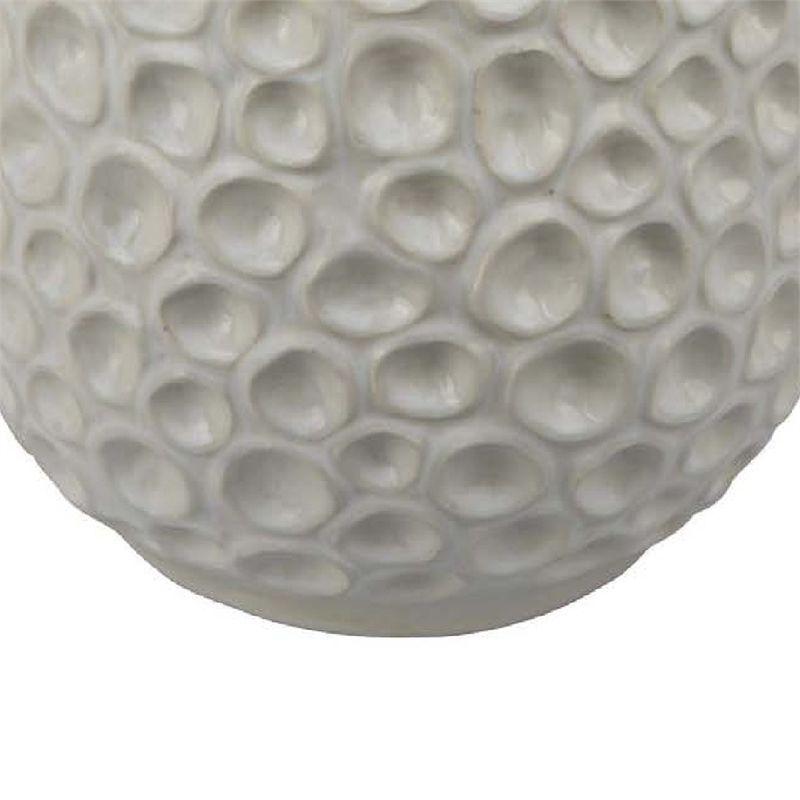 Benjara Nian Accent Vase- Off White Ceramic Raised Dimple Texture- 14
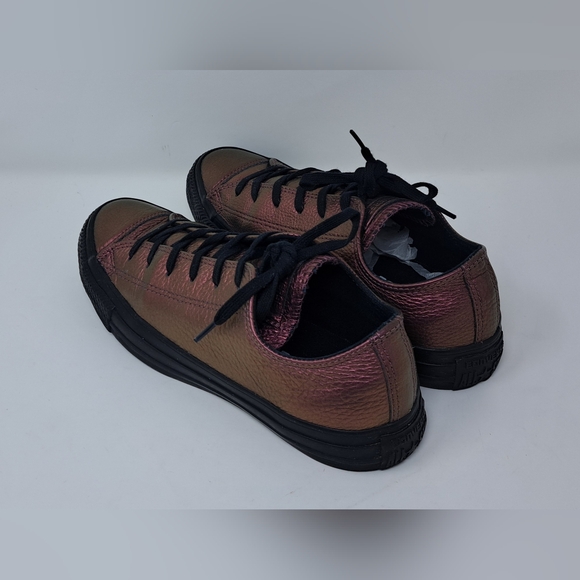 Converse Low Top Sneakers Purple Shiny Metallic Leather Lace Up 7.5 US / 5 UK - Picture 9 of 16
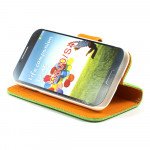 Wholesale Samsung Galaxy S4 Anti-Slip Flip Leather Wallet Case with Stand (Green-Orange)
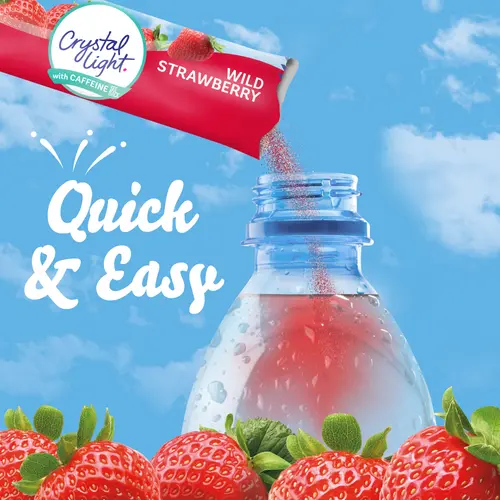 Crystal Light Wild Strawberry Sugar Free Drink Mix Singles with Caffeine, 30 ct On-the-Go-Packets thumbnail 3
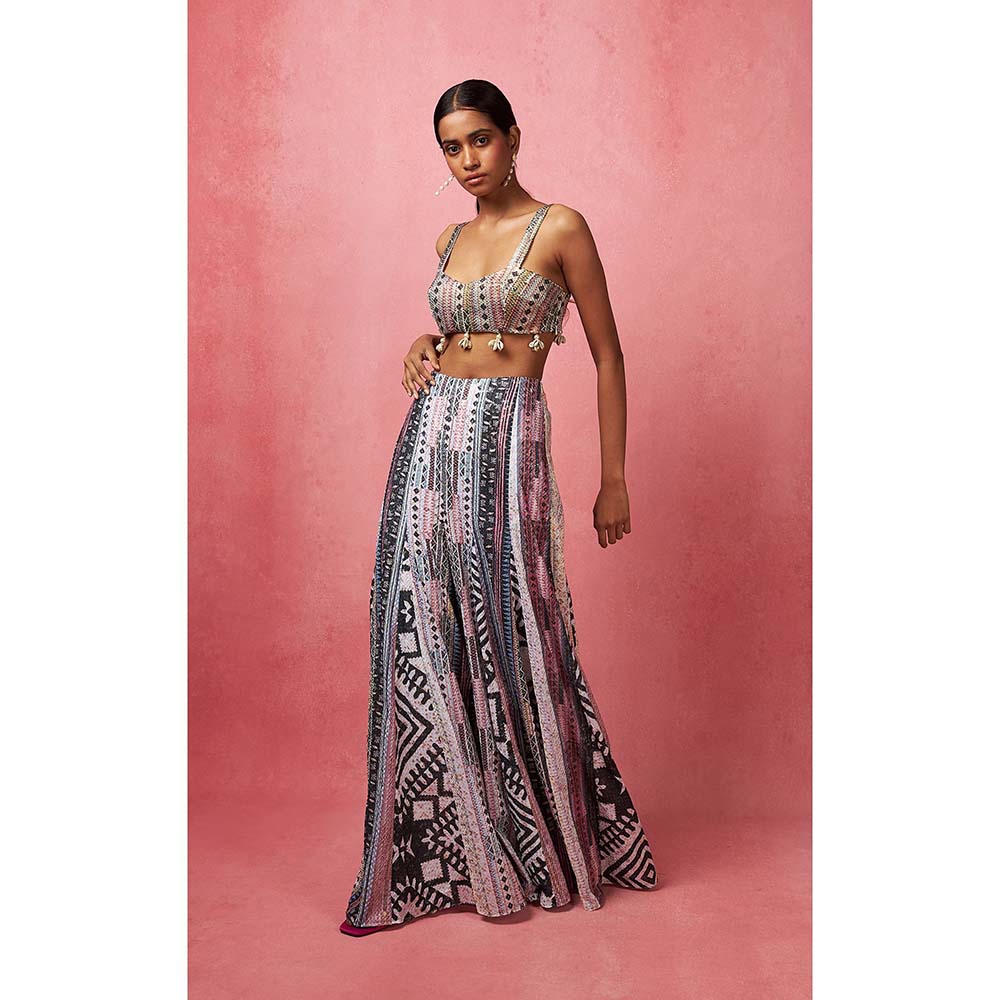 Vedika M Multi-Color Panelled Sequinned Co-Ord (Set of 3)
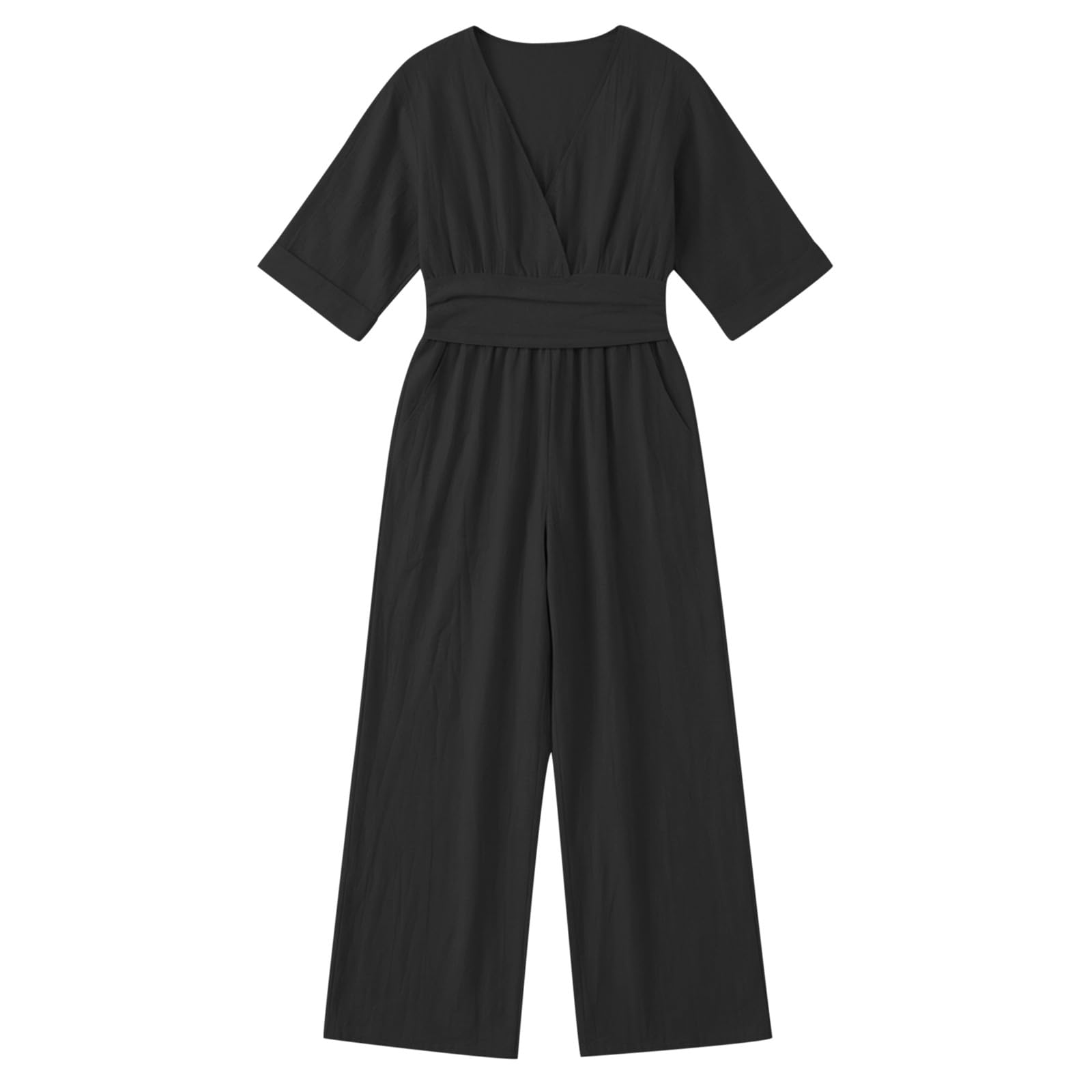 Generico Tuta Elegante Donna Cerimonia - Elegant V Neck Jumpsuit for Summer with Waist Tying Belt Casual Piece Romper Tute Da Monopezzi E Tutine Lunghe a Gamba Larga Con Cintura Pantaloni Lungo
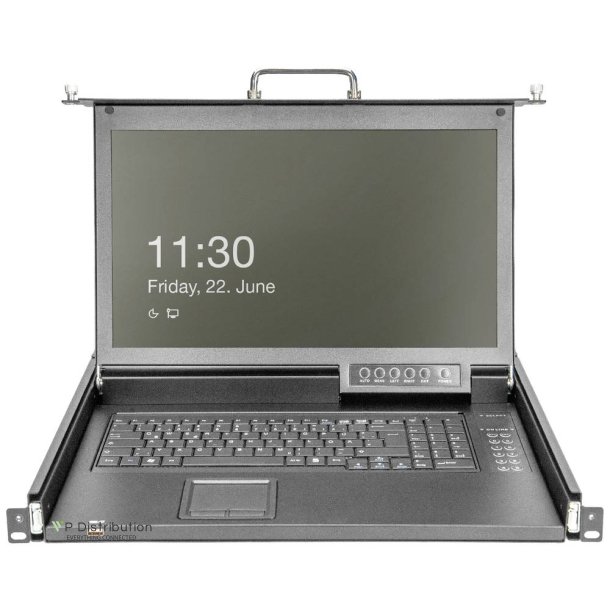 Modularized 43,2cm (17") HD LCD TFT console with8portCat5 KVM,8 Cat5VGA Dongle-,FR key.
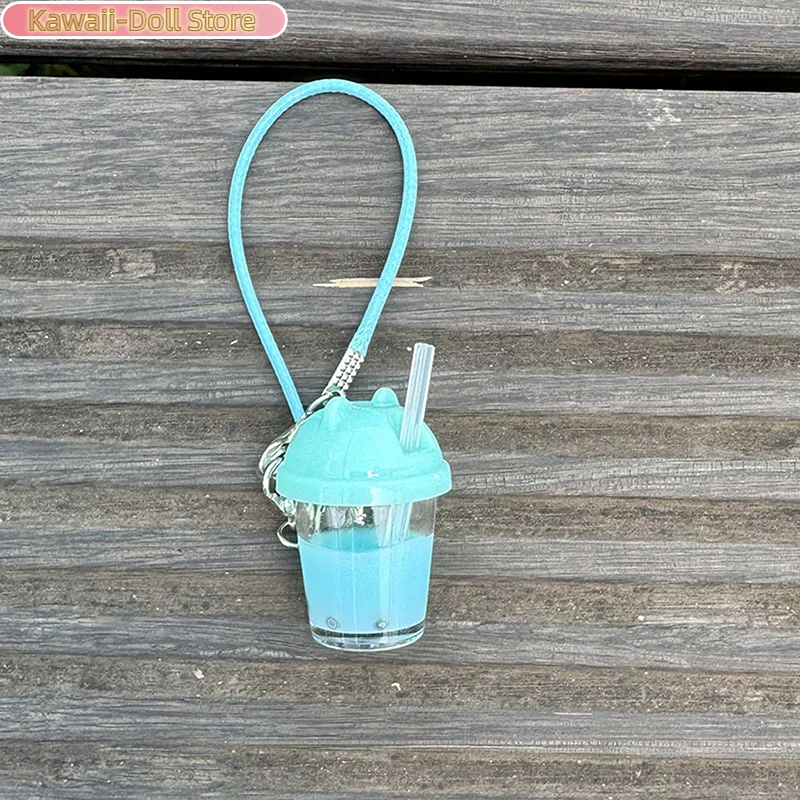 Porte-clés à breloques en forme de sachet de thé au lait, perle mignonne, modèle de Simulation de dessin animé, tasse à café, pendentif alimentaire, voiture, pendentif de sac à main, cadeau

######

» **What you should do**
Repeat the listing verbatim without its pictures.

» **Written solution**
 Benjara Nian Accent Vase- Off White Ceramic Raised Dimple Texture- 14
 Converse Low Top Sneakers Purple Shiny Metallic Leather Lace Up 7.5 US / 5 UK - Picture 9 of 16
 Wholesale Samsung Galaxy S4 Anti-Slip Flip Leather Wallet Case with Stand (Green-Orange)
 Crystal Light Wild Strawberry Sugar Free Drink Mix Singles with Caffeine, 30 ct On-the-Go-Packets thumbnail 3
 Vedika M Multi-Color Panelled Sequinned Co-Ord (Set of 3)
 Generico Tuta Elegante Donna Cerimonia - Elegant V Neck Jumpsuit for Summer with Waist Tying Belt Casual Piece Romper Tute Da Monopezzi E Tutine Lunghe a Gamba Larga Con Cintura Pantaloni Lungo
 Modularized 43,2cm (17") HD LCD TFT console with8portCat5 KVM,8 Cat5VGA Dongle-,FR key.
 Porte-clés à breloques en forme de sachet de thé au lait, perle mignonne, modèle de Simulation de dessin animé, tasse à café, pendentif alimentaire, voiture, pendentif de sac à main, cadeau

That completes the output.